Принимая к постановке пьесу, режиссер прежде всего возвращает ее первоначальной реальности, укрепляет и разнообразит связи каждого образа с жизнью, — и актерами в его труппе могут быть только те, кто принимает и разделяет эти позиции режиссера. Только те, кто может вообще вынести этот огромный труд создания спектакля, беспредельную требовательность режиссера. Николай Александрович Попов вспоминает:

«Репетиции начинались поздно вечером. Почти все члены труппы днем были заняты кто своими торговыми и фабричными делами, кто уроками, репетиторством, кто хождением в университет или другие высшие учебные заведения, кто службой в правительственных учреждениях.

Солидные купцы, фабриканты, чиновники съезжались и сходились на эти репетиции как на священнодействие, чем и отличались алексеевские репетиции от репетиций других любительских кружков того времени. И священнодействовали бок о бок с нами, студенческой молодежью, подчиняясь довольно жесткой дисциплине своего, уже пользовавшегося большим авторитетом режиссера.

Кончались репетиции почти всегда около полуночи».

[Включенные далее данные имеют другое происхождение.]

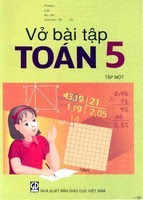 Vở Bài Tập Toán Lớp 5 Tập 1 - Nhiều Tác Giả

Утром просматривались эскизы и макеты декораций, давались инструкции помощникам, потом нужно было ехать на фабрику, в контору; вечером был занят репетициями или спектаклями. Так — изо дня в день, конечно же, без каких бы то ни было поблажек себе, жене, которая играет почти во всех премьерах Общества, ведет дом, следит за воспитанием детей — Киры и родившегося в 1894 году Игоря. Участники спектаклей за глаза часто звали своего руководителя Костей — «Костя сказал…», «Костя придумал…». В этом уменьшительном имени нет фамильярности, обычно ощутимой в уменьшительных именах, — фамильярность по отношению к Станиславскому вообще никогда ни у кого не возникала; авторитет его среди любителей — членов Общества был неоспорим и единствен; они могли спорить между собой, обижаться на распределение ролей, возражать другим режиссерам, но сказанное «Костей» было совершенно неоспоримо. Это объяснялось не только индивидуальностью Станиславского, значительность которой чувствовали решительно все, с ним соприкасавшиеся. Это объяснялось и самим составом труппы, которая подбиралась многие годы, из которой быстро уходили случайные люди, ожидающие легких сценических успехов.

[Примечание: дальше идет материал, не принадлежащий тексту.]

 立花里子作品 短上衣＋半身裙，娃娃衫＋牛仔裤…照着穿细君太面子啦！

К Станиславскому часто обращались люди знакомые и вовсе незнакомые с просьбой о совете: идти ли на сцену, как определить наличие и степень таланта? Он отвечал всем корреспондентам — подросткам-гимназистам, взрослым людям — с одинаковой уважительностью, подробно, но ни в коем случае не категорически, предупреждая о великих трудностях жизни в театре и отказываясь от определения самой меры способностей.

В 1902 году он пишет человеку, который мечтает о сцене:

«Я благодарю Вас за доверие ко мне в трудном и щекотливом деле: определении артистических способностей и данных. Но я боюсь роли судьи и прошу Вас сохранить за мной только право советчика…

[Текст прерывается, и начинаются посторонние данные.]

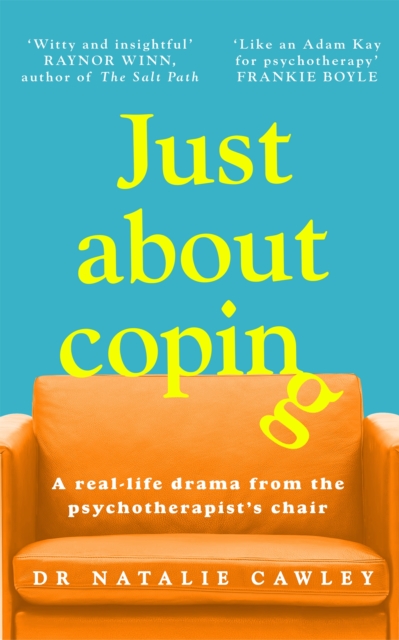 Just About Coping : A Real-Life Drama from the Psychotherapist's Chair, Hardback Book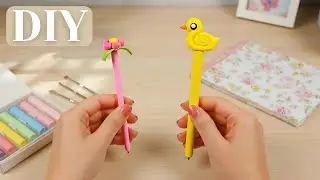 New Year, New Desk! DIY Cute Clay Pens ✨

Из своего опыта я вывел следующее. В моем и в Вашем положении стоит идти на сцену, когда убедишься в непоборимой любви к ней, доходящей до страсти. В этом положении не рассуждаешь: есть талант или нет, а исполняешь свою природную потребность. Такие, зараженные люди должны кончить театром, и чем скорее они решат свою будущую деятельность — тем лучше, так как они больше успеют сделать в ней. Энергия и страстное отношение к делу искупят известную долю недостатка таланта. Вне сцены эти люди никогда не сделают много и, конечно, не найдут счастья. Если Вы убедились после достаточной проверки, что Вы принадлежите к числу таких людей, советую не долго думать и бросаться, куда толкает призвание. Никто, кроме Вас самих, не может проверить страсти, и Вы одни можете быть ответственным за свой смелый шаг. В этом вопросе я ничего не берусь советовать».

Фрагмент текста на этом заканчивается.